TASK TO CARRY OUT:
Would you return, word for word, the lines of the data below from the line with "6 items of gold" through the line with "Beautifully Crafted Epoxy", and no others?

*-*-*

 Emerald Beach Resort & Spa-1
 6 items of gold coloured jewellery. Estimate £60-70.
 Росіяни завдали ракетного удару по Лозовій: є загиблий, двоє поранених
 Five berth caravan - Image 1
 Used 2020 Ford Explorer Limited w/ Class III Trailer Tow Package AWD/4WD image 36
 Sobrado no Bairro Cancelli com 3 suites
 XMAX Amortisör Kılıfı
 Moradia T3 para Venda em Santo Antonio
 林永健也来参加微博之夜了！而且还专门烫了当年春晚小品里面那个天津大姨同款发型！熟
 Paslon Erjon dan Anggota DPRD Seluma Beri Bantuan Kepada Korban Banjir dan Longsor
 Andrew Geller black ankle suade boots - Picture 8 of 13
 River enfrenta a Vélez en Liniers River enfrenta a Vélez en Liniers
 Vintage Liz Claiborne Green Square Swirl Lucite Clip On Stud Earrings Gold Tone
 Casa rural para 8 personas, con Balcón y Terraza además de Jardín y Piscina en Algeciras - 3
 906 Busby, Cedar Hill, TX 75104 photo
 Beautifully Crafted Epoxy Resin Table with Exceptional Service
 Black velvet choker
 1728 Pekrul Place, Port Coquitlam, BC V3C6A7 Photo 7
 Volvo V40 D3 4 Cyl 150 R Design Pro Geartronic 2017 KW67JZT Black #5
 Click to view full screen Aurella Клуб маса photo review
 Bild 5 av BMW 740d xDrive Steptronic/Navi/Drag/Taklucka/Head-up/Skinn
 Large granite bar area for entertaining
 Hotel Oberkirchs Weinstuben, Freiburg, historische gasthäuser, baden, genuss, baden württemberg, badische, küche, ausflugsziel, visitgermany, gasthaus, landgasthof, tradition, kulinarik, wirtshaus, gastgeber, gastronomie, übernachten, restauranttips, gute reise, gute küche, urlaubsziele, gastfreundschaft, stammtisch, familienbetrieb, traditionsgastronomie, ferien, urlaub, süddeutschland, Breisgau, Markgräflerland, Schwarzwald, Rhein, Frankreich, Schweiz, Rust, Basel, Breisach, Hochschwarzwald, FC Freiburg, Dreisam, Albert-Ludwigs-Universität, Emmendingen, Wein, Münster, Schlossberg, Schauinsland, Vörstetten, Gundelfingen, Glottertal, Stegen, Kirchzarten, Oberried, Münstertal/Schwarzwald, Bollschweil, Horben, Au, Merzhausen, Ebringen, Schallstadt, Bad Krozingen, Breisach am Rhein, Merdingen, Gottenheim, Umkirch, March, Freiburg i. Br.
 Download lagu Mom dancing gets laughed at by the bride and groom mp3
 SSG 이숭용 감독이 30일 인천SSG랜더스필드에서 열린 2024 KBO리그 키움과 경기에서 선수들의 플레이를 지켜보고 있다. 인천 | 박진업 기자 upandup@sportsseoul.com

*-*-*

RESPONSE:
 6 items of gold coloured jewellery. Estimate £60-70.
 Росіяни завдали ракетного удару по Лозовій: є загиблий, двоє поранених
 Five berth caravan - Image 1
 Used 2020 Ford Explorer Limited w/ Class III Trailer Tow Package AWD/4WD image 36
 Sobrado no Bairro Cancelli com 3 suites
 XMAX Amortisör Kılıfı
 Moradia T3 para Venda em Santo Antonio
 林永健也来参加微博之夜了！而且还专门烫了当年春晚小品里面那个天津大姨同款发型！熟
 Paslon Erjon dan Anggota DPRD Seluma Beri Bantuan Kepada Korban Banjir dan Longsor
 Andrew Geller black ankle suade boots - Picture 8 of 13
 River enfrenta a Vélez en Liniers River enfrenta a Vélez en Liniers
 Vintage Liz Claiborne Green Square Swirl Lucite Clip On Stud Earrings Gold Tone
 Casa rural para 8 personas, con Balcón y Terraza además de Jardín y Piscina en Algeciras - 3
 906 Busby, Cedar Hill, TX 75104 photo
 Beautifully Crafted Epoxy Resin Table with Exceptional Service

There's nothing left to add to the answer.